═══ Data extract
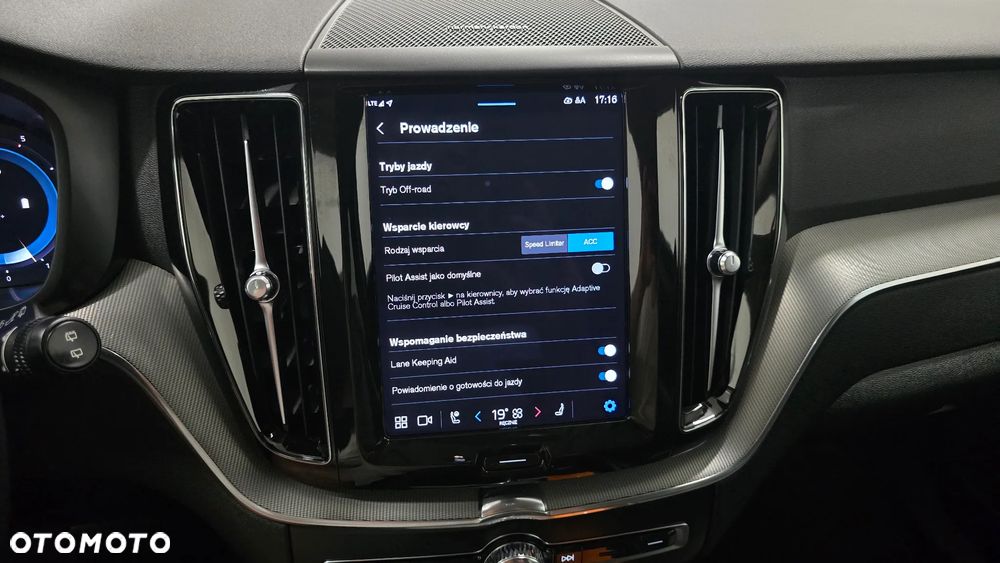 Volvo XC 60 B4 D AWD Plus Dark - 32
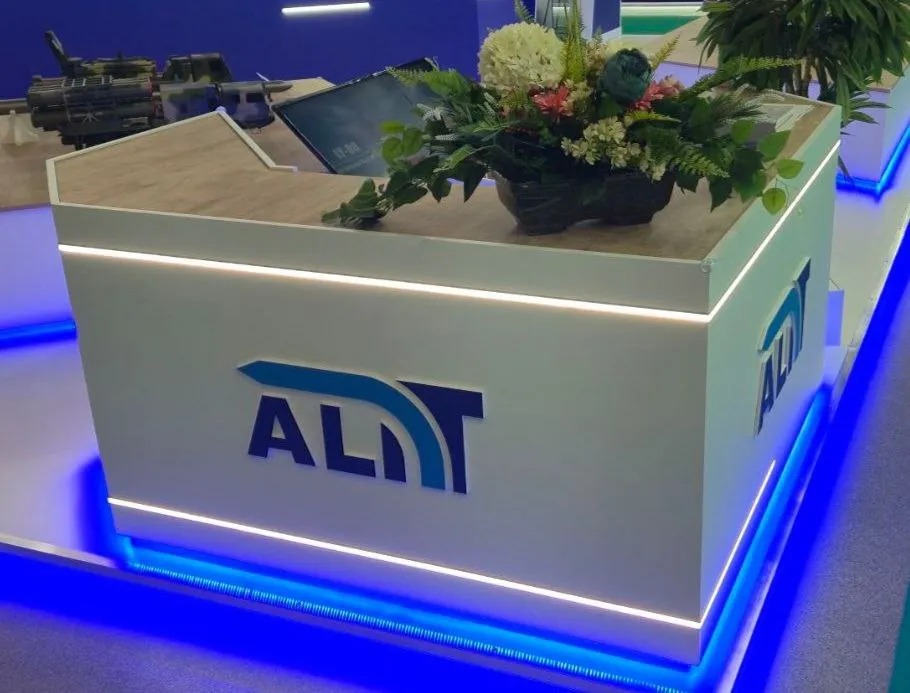 Аренда стойки с подсветкой 1975х1832х850 мм — Минск. 2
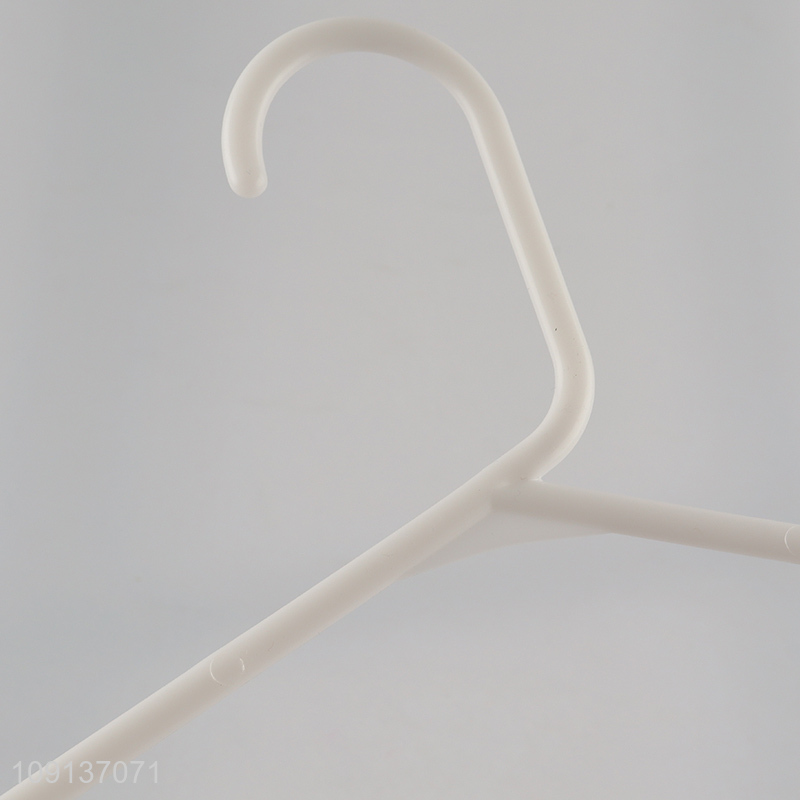 High Quality 8 Pieces Heavy Duty Anti-Slip Clothes Hangers for T-Shirts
══════
Problem statement: Each line from the one containing "Аренда стойки с" through the last line above should be retyped exactly, and no other line. Any picture is to be left out.

Answer box:
 Аренда стойки с подсветкой 1975х1832х850 мм — Минск. 2
 High Quality 8 Pieces Heavy Duty Anti-Slip Clothes Hangers for T-Shirts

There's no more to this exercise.